Segment Start: Excerpted records

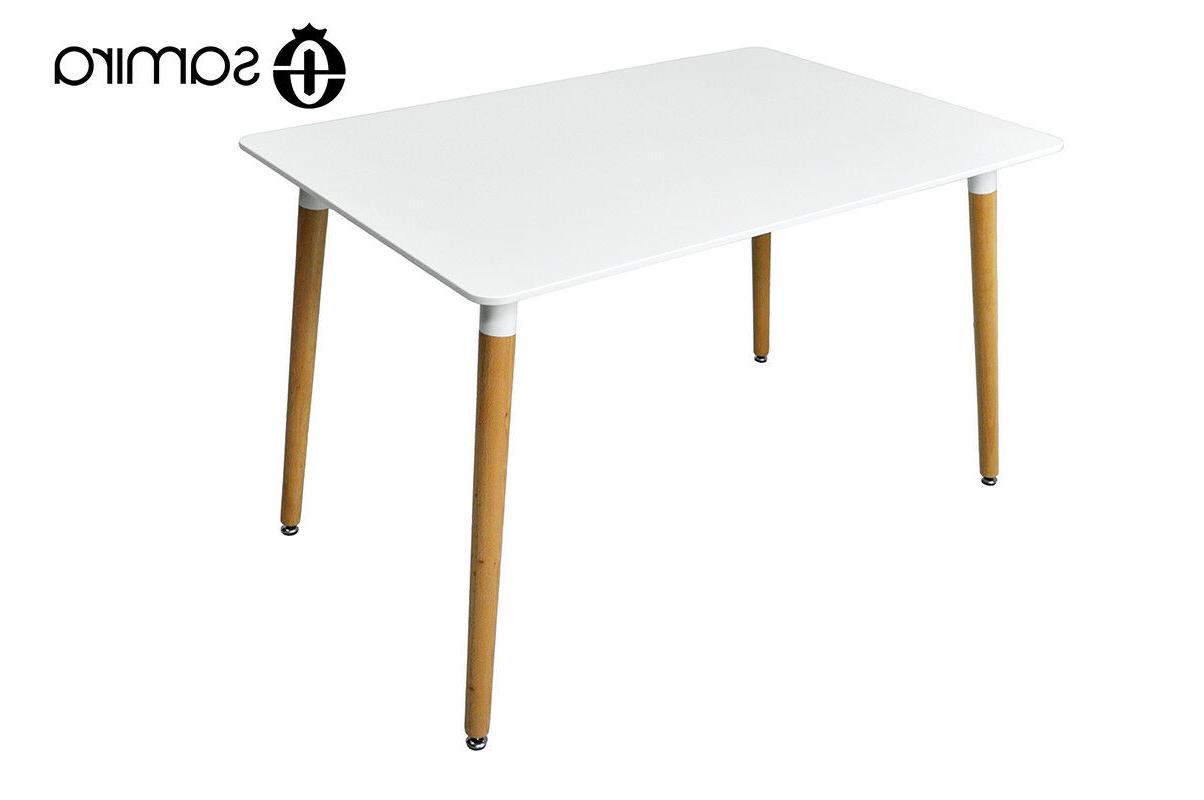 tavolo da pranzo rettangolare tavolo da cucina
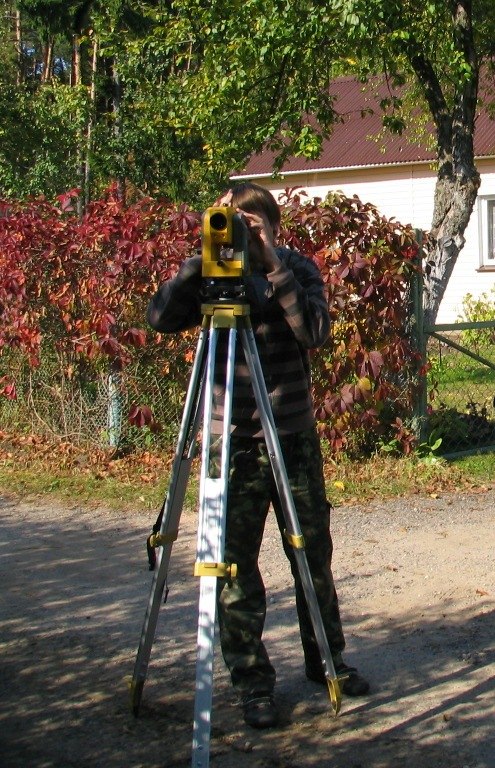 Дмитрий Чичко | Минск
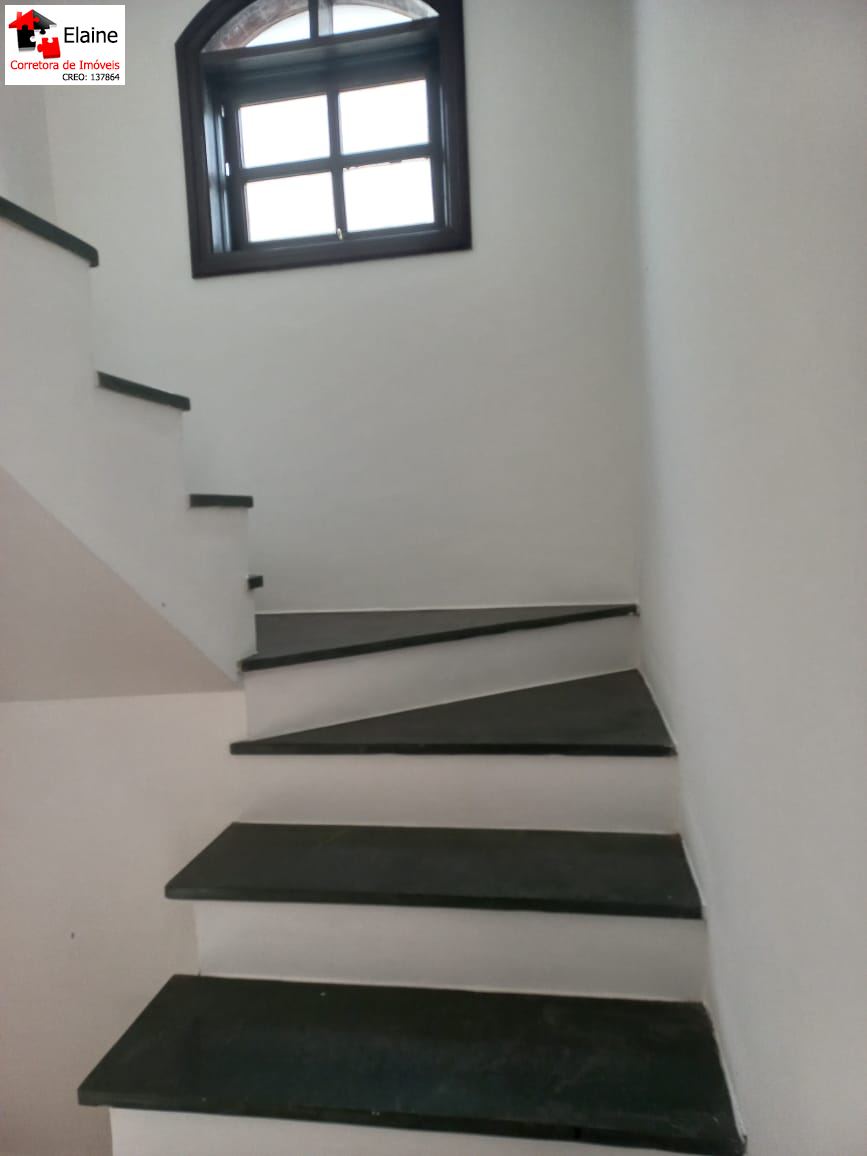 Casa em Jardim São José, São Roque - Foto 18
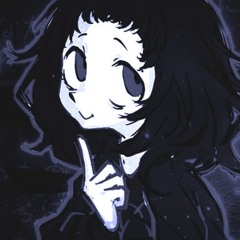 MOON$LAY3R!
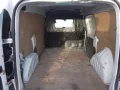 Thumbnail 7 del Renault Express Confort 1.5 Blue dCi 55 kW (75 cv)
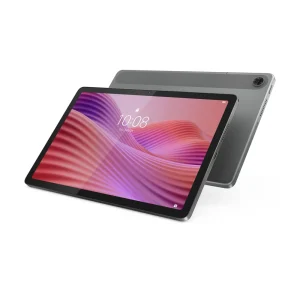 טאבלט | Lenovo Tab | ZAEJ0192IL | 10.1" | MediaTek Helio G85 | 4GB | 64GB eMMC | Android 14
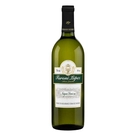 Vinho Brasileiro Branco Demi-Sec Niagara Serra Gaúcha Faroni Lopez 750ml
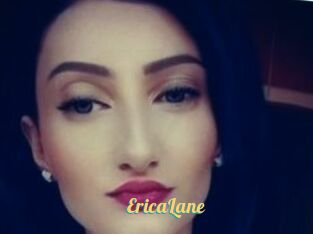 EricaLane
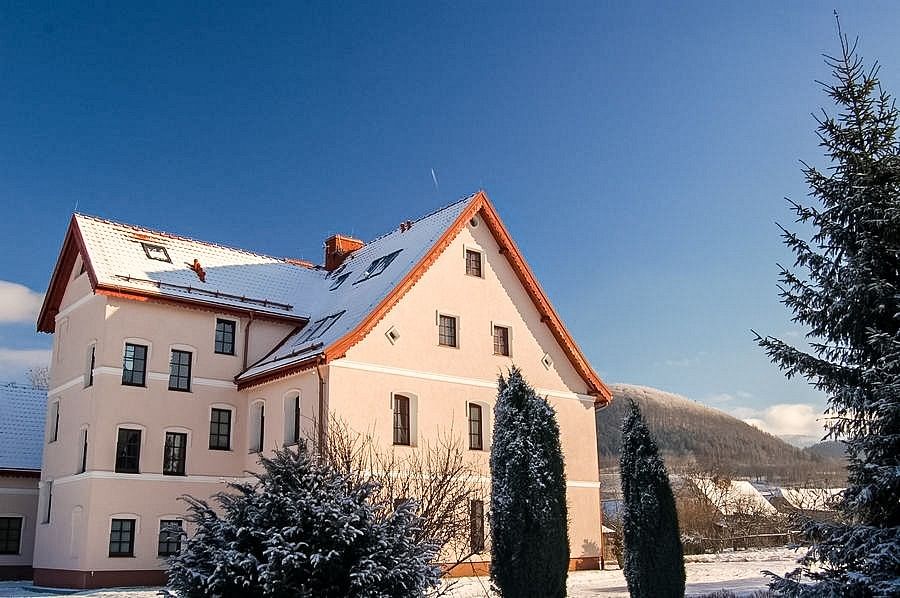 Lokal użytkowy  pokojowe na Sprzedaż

Segment End: Excerpted records
Segment Start: Excerpted records

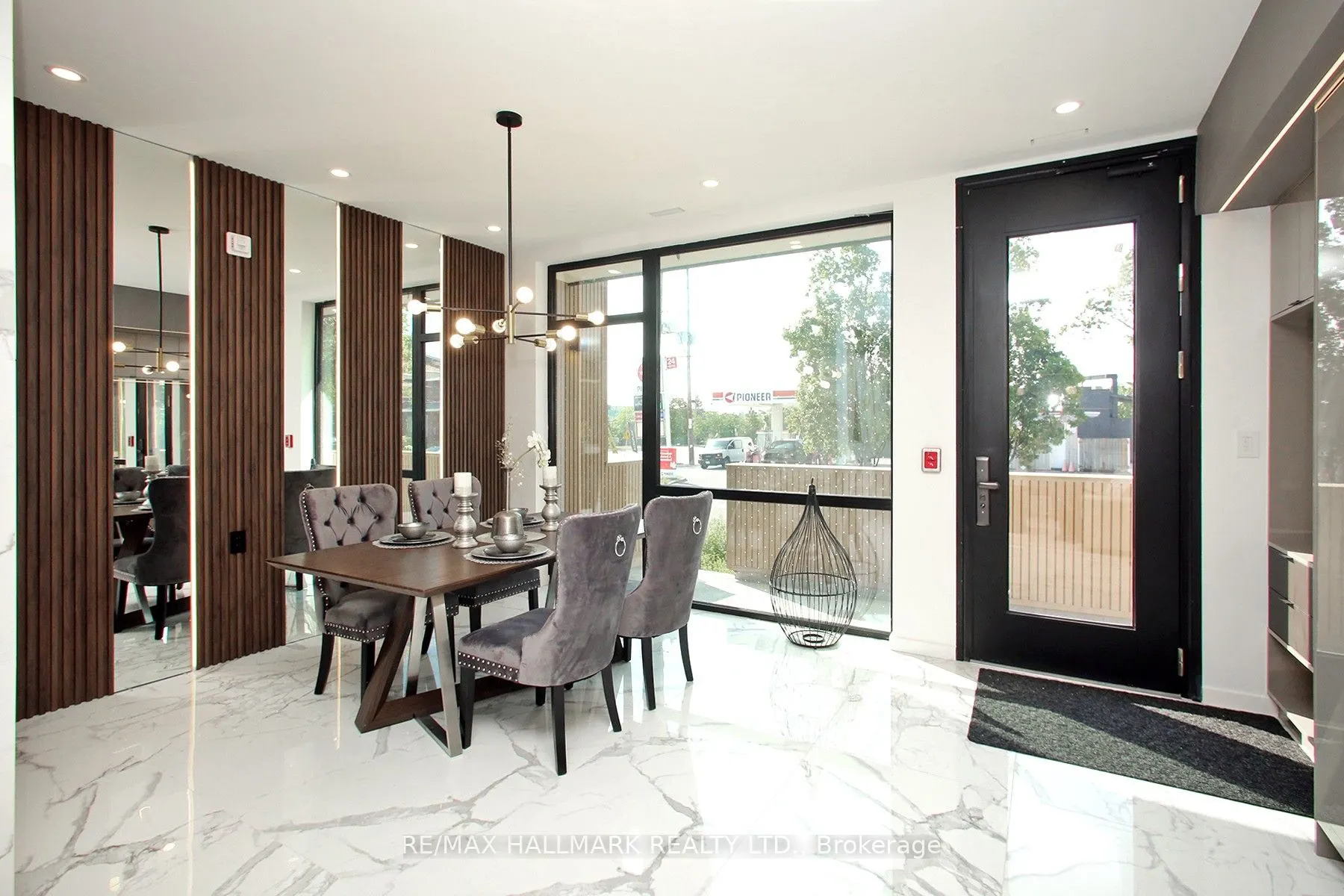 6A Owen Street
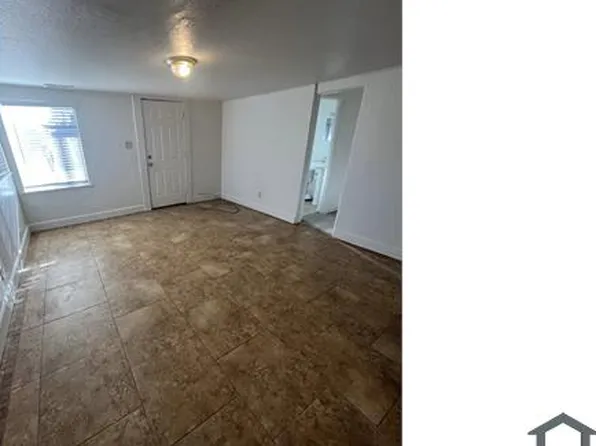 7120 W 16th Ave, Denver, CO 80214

Segment End: Excerpted records

- _Exercise_:
Copy word for word only the lines above from the one with "Thumbnail 7 del" through the one with "pokojowe na Sprzedaż". Leave pictures out.

- _Answer space_:
 Thumbnail 7 del Renault Express Confort 1.5 Blue dCi 55 kW (75 cv)
 טאבלט | Lenovo Tab | ZAEJ0192IL | 10.1" | MediaTek Helio G85 | 4GB | 64GB eMMC | Android 14
 Vinho Brasileiro Branco Demi-Sec Niagara Serra Gaúcha Faroni Lopez 750ml
 EricaLane
 Lokal użytkowy  pokojowe na Sprzedaż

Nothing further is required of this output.